> [Required work] A word-for-word copy of the data is what's wanted; pictures stay out of it.

□ □ □ □ □

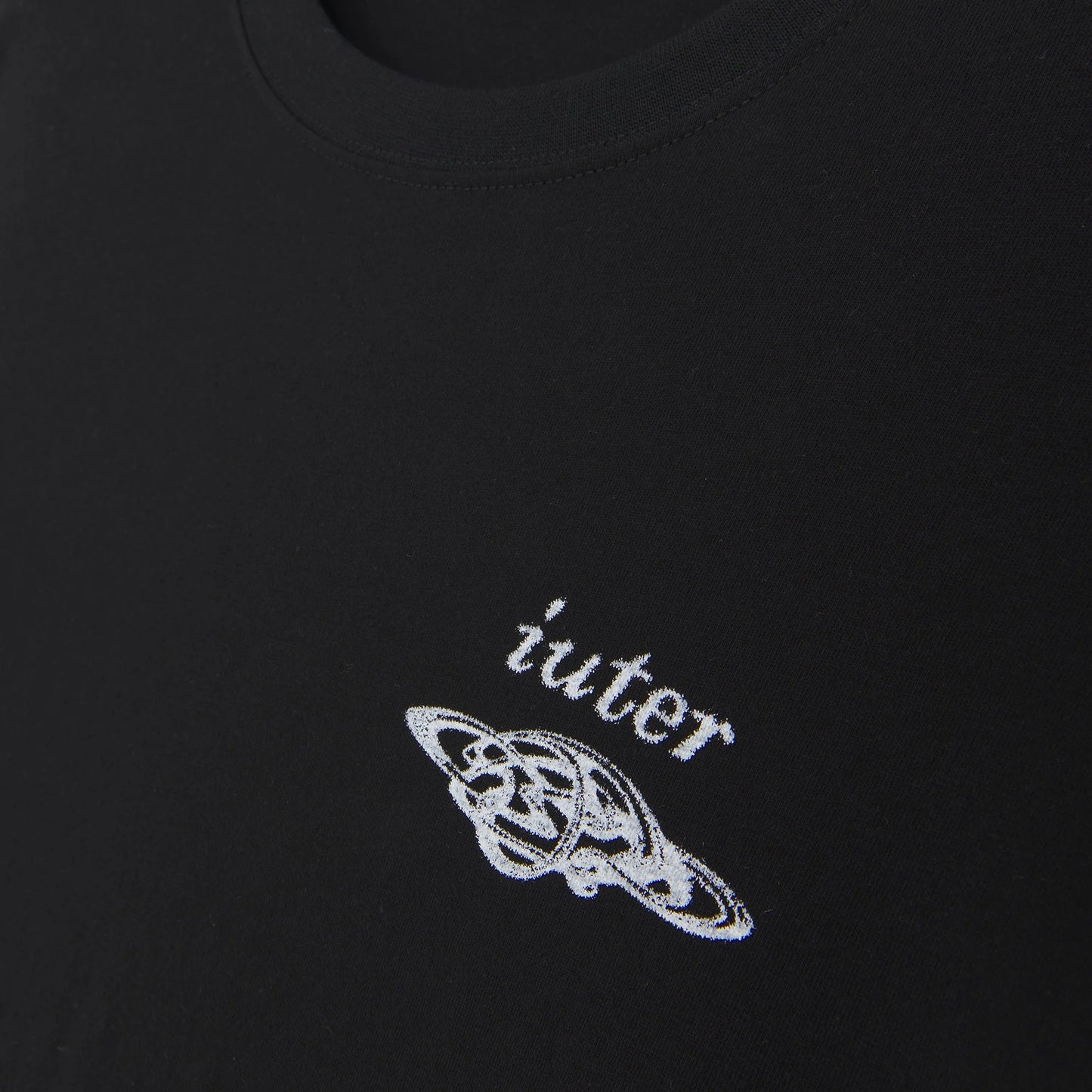 IUTER - BIJOUX WAFFLE DOUBLE LS TEE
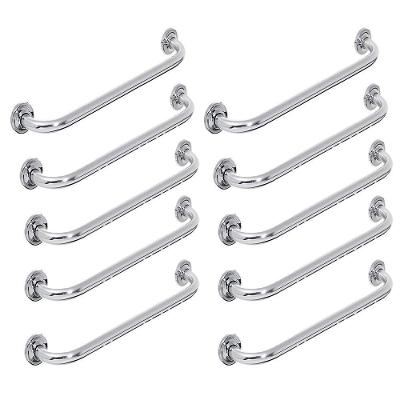 Alça Barra Apoio 60cm Acessibilidade Kit 10 Uni Suporte Idoso Criança Gestante Anti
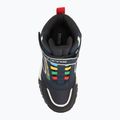 Juniorské snehule Geox Trekkyup ABX navy/black 5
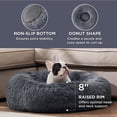 thumbnail image 2 of Cama para perro Bedsure Calming Donut, lavable para perros medianos y grandes, 2 of 6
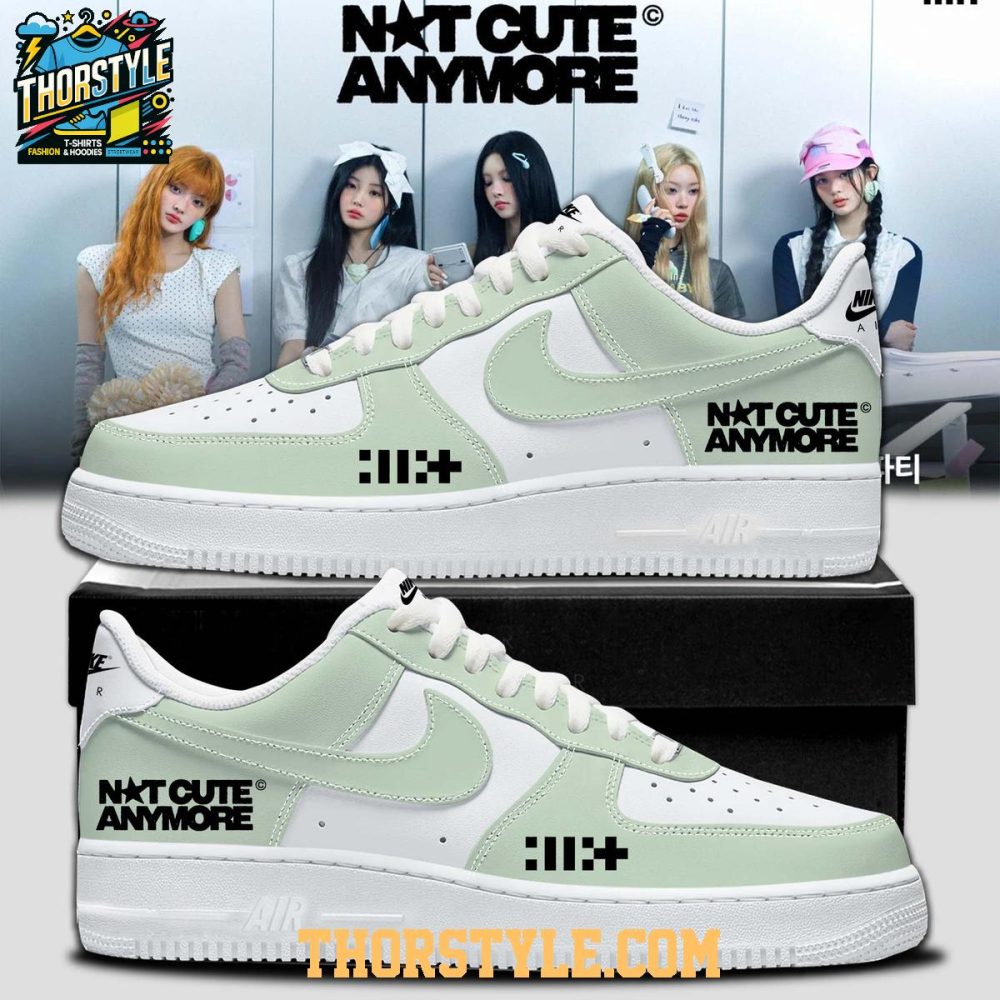 Illit Not Cute Anymore 2025 Personalized Air Force 1 Shoes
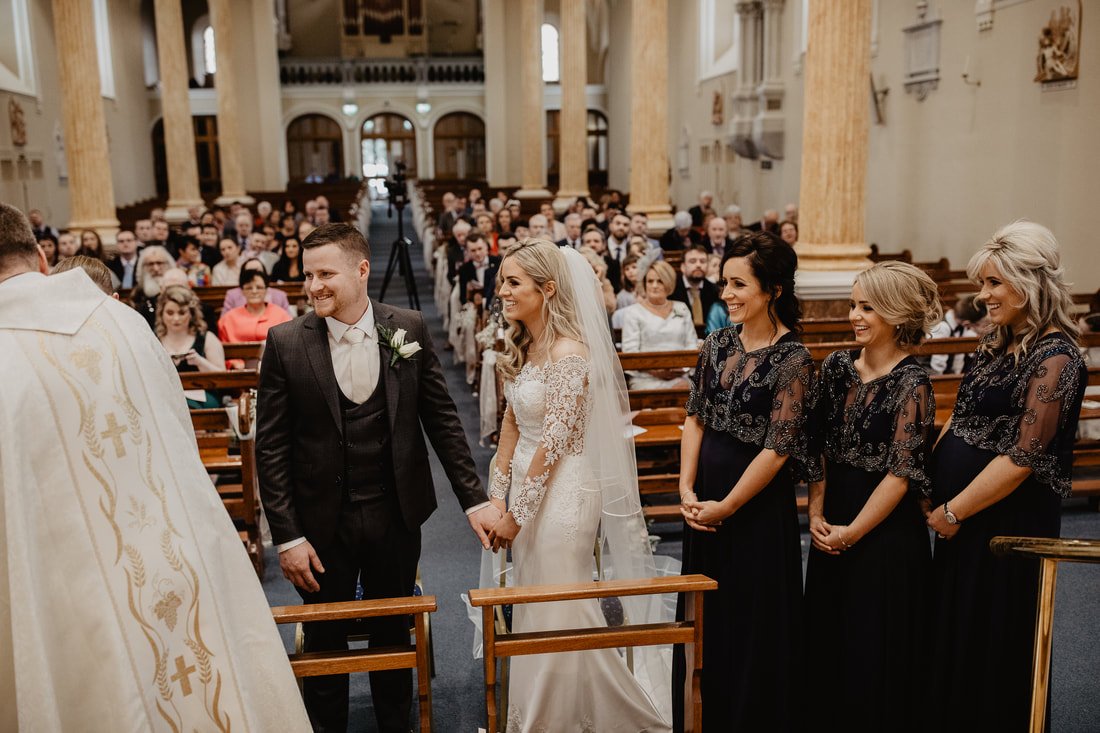 Irish wedding photography, Mallow, county Cork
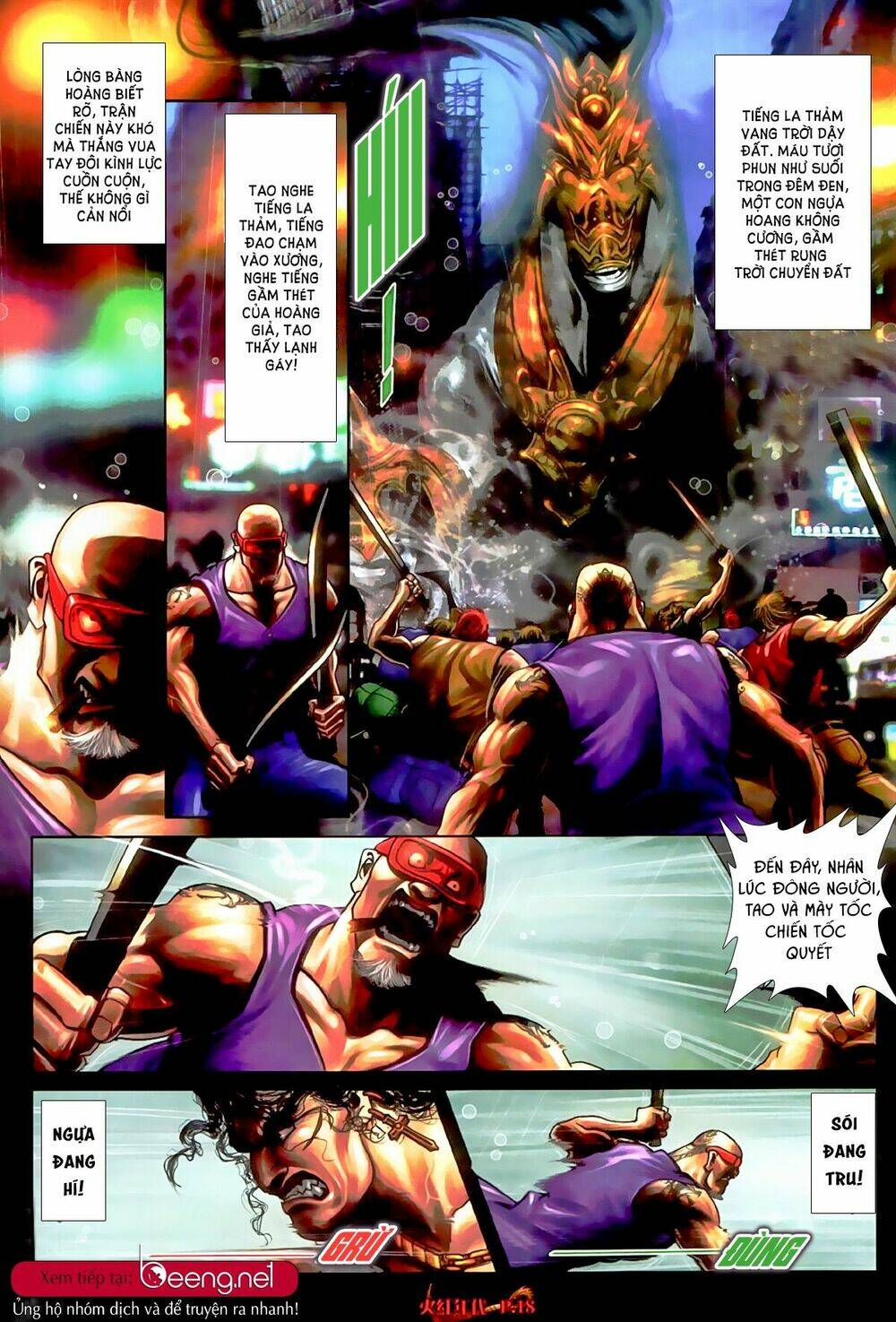 hỏa hồng niên đại hắc cốt đường chapter 535 14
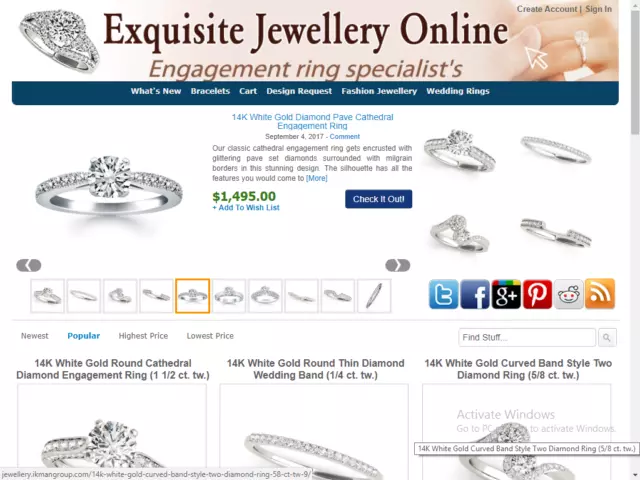 Make Money 100% Autopilot Beautiful Jewelry Affiliate Website Free Hosting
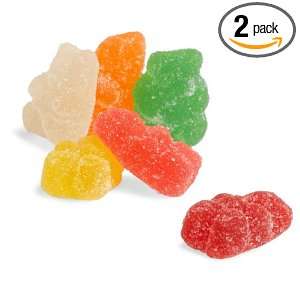 Albanese Wild Thing Sour Bears, 4.5 Pound Bags (Pack of 2):  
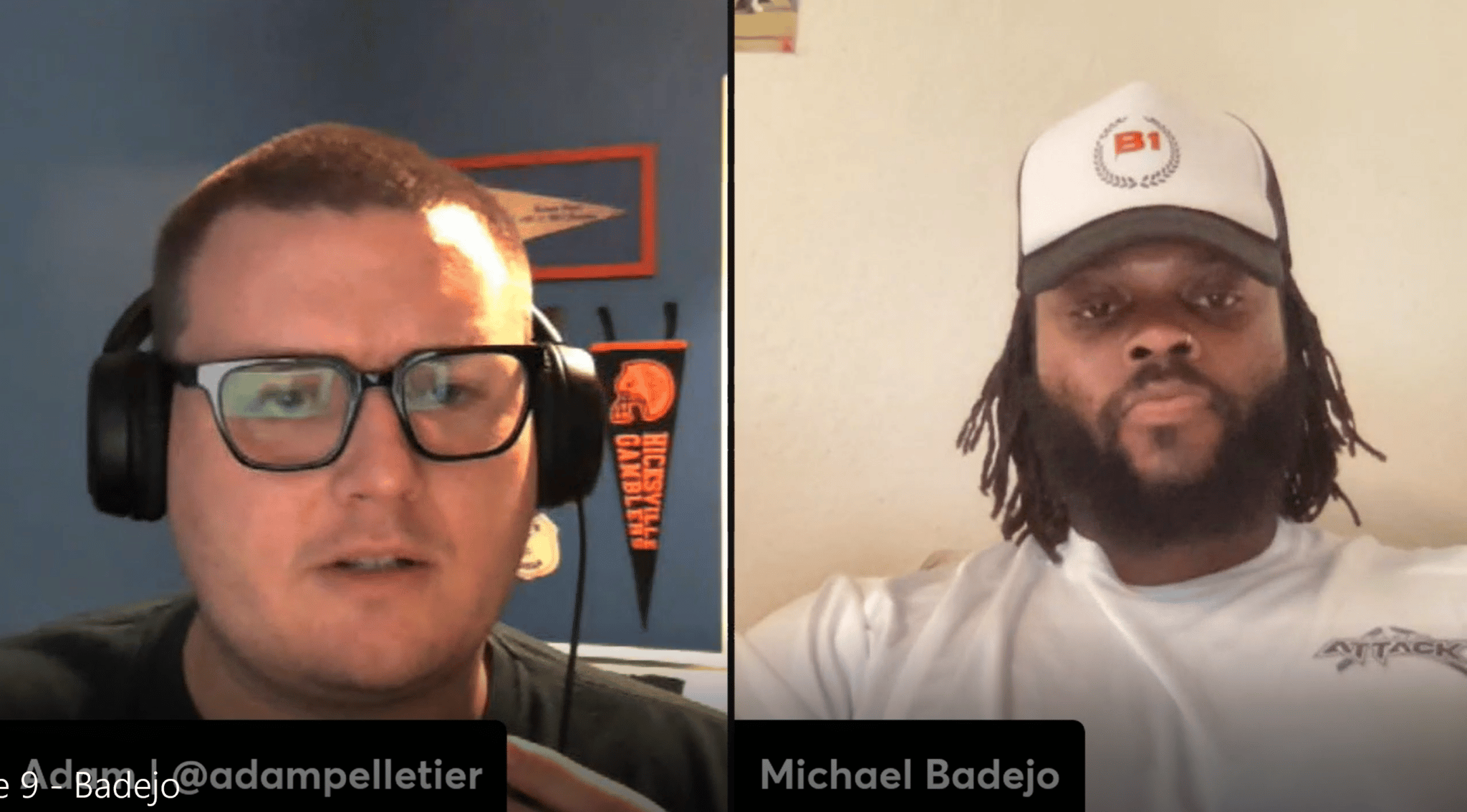 Interview with Michael Badejo - Defensive End Alamaba Airborne | Inside MLFB (Ep. 08)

□ □ □ □ □

> [Task response]
 IUTER - BIJOUX WAFFLE DOUBLE LS TEE
 Alça Barra Apoio 60cm Acessibilidade Kit 10 Uni Suporte Idoso Criança Gestante Anti
 Juniorské snehule Geox Trekkyup ABX navy/black 5
 thumbnail image 2 of Cama para perro Bedsure Calming Donut, lavable para perros medianos y grandes, 2 of 6
 Illit Not Cute Anymore 2025 Personalized Air Force 1 Shoes
 Irish wedding photography, Mallow, county Cork
 hỏa hồng niên đại hắc cốt đường chapter 535 14
 Make Money 100% Autopilot Beautiful Jewelry Affiliate Website Free Hosting
 Albanese Wild Thing Sour Bears, 4.5 Pound Bags (Pack of 2):  
 Interview with Michael Badejo - Defensive End Alamaba Airborne | Inside MLFB (Ep. 08)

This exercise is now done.